Qalsody Approved for SOD1 Amyotrophic Lateral Sclerosis

The Food and Drug Administration (FDA) has granted accelerated approval to Qalsody^™ (tofersen) for the treatment of adults with amyotrophic lateral sclerosis (ALS) who have a mutation in the superoxide dismutase 1 (SOD1) gene. The indication was approved based on reduction in plasma neurofilament light chain (NfL), a marker of neurodegeneration.

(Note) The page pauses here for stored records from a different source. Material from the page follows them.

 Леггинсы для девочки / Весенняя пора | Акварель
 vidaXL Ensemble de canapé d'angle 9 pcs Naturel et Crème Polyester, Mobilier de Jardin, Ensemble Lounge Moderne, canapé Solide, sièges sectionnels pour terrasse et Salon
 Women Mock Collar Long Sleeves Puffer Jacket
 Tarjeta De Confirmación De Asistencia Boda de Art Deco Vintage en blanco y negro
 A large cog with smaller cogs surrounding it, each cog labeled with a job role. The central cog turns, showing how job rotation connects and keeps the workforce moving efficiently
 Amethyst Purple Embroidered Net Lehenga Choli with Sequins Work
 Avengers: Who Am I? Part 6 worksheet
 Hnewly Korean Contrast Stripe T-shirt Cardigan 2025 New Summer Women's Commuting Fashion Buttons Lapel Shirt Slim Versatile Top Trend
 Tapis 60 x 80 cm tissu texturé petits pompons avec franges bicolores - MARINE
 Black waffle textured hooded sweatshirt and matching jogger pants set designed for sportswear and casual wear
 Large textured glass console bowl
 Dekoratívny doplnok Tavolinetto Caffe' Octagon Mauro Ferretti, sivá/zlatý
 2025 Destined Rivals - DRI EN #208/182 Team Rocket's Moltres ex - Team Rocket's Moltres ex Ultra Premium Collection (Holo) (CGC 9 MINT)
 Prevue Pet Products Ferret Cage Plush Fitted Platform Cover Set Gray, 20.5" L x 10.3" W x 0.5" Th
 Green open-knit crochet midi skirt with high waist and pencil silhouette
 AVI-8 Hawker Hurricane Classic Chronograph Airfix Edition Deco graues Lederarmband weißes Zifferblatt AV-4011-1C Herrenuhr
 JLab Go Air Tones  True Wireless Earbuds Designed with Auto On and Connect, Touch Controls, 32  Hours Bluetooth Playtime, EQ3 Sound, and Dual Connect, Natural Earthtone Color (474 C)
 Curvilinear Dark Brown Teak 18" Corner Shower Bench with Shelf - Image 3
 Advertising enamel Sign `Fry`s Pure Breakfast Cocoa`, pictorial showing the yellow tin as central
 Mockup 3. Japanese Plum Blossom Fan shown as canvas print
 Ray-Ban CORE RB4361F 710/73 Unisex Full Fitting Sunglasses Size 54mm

Tofersen is an antisense oligonucleotide that causes degradation of SOD1 mRNA through binding to SOD1 mRNA, which results in a reduction of SOD1 protein synthesis. The accelerated approval was based on data from the 28-week phase 3 VALOR study (ClinicalTrials.gov Identifier: NCT02623699), which compared the efficacy and safety of tofersen to placebo in 108 adults with ALS and a documented SOD1 mutation. Of these patients, 95 enrolled in the ongoing open-label extension (OLE) study (ClinicalTrials.gov Identifier: NCT03070119).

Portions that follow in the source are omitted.